Despite having reached a tentative agreement, Nilvar Lopez, general secretary of the Peruvian teachers union (SUTEP), said a nationwide strike will continue until the union ratifies the new collective bargaining agreement. Minister of Education Gerardo Ayzanoa fired 500 teachers in Lima, the Peruvian capital, last Monday, and is said to be looking to do the same in other cities and in the provinces. Lopez told the education minister the firings would only complicate the end of the strike.

At press time, the union leadership was still meeting.

The strike started a month ago when the government of President Alejandro Toledo offered a salary increase of only $30 a month. Toledo, who said he would “go down in history as the education president,” had promised that his administration would double the salaries of the teachers.

Peru’s 280,000 teachers are among the worst paid in Latin America. They receive about $180 a month. Meanwhile, it takes $575 a month for a family to cover its basic necessities according to government estimates.

Only 2.9 percent of Peru’s national budget is allocated for education while 28 percent is used to pay interest on its foreign debt. This budget priority, along with selling off state-owned enterprises, cutting social programs and cracking down on workers, are all hallmarks of the Toledo government’s neoliberal policies.

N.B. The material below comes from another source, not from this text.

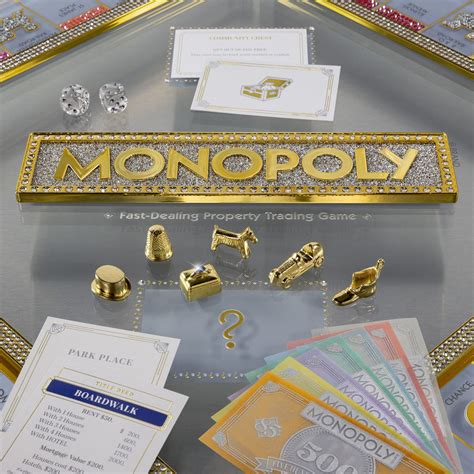 Buy Monopoly Luxury 85th Anniversary Edition Board Game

The teachers’ struggle struck a chord in Peruvian society. Thousands came out in support, while others used the occasion to press their own demands. Farm workers, bus drivers, hospital and healthcare workers, judiciary employees and others joined the teachers in striking.

The strikes started taking on the character of a general protest against the policies of the Toledo government. This motivated the government to impose a state of emergency, declaring the teachers’ strike illegal on May 27.

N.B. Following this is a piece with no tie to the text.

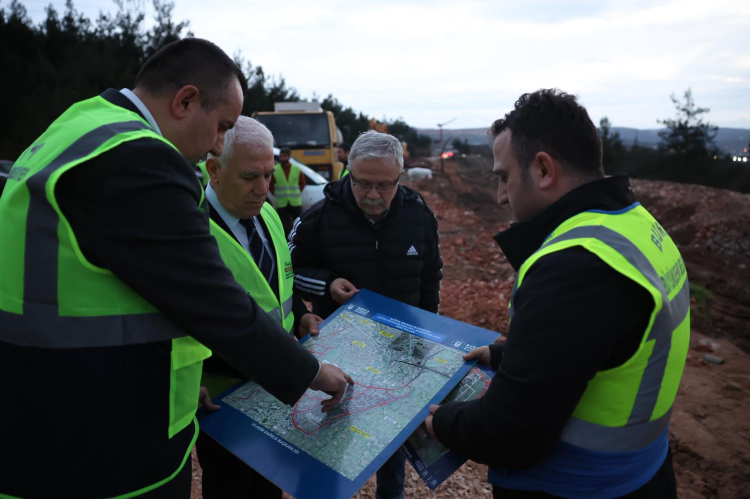 Nilüfer’de Yol ve Altyapı Çalışmaları Devam Ediyor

The declaration of a state of emergency did not deter the teachers and other unions. On June 3, tens of thousands of Peruvians march through Lima in protest against Toledo’s policies and in solidarity with the teachers. Similar demonstrations took part in many cities and towns throughout this South American country.

The demonstration, organized by the General Confederation of Workers of Peru (CGTP), stopped all traffic for five hours in defiance of the government. (The CGTP was founded by José Carlos Mariategui, who also founded the Communist Party of Peru.)

The CGTP filed charges against the Toledo government with the International Labor Organization for “violation of labor rights” after the imposition of the state of emergency and the police attacks, which resulted in the arrest of hundreds and the death of two university students. This is not the first time the government has resorted to force to stop a strike. In January, striking construction workers union leaders were attacked and arrested.

The Peruvian workers received other support internationally. The World Federation of Trade Unions (WFTU) said it “condemns the state of emergency and the repressive measures of the government of Peru, as its response to the just demands of the different sectors of workers and society” that are the results of the Toledo government’s “failed neoliberal policies.” The CGTP is an affiliate of the WFTU.

The International Confederation of Free Trade Unions (ICFTU) also jumped into the fray condemning the repression against the workers. In a letter sent to the Peruvian president, the ICFTU noted that the “confrontations started after your government declared the state of emergency” and warned that the government’s action could lead to “more discontent and more violence.”

Toledo won the presidency in 2001 with promises of reconstructing and improving the economy after years of dictatorship and corruption by the administration of Alberto Fujimori, which left the country in economic ruins. The Toledo government has not only continued but also extended the neoliberal policies of its predecessor.

Last year the Toledo government sold off two electrical plants to a Belgian company that had been accused of bribing Fujimori. This prompted widespread demonstrations by workers, which were met with violence and a state of emergency in the southern part of the country.

The continued poverty and attacks on workers demanding better wages have led to a drop in Toledo’s popularity from a high of 60 percent during his campaign, to 15 percent today, according to local polls.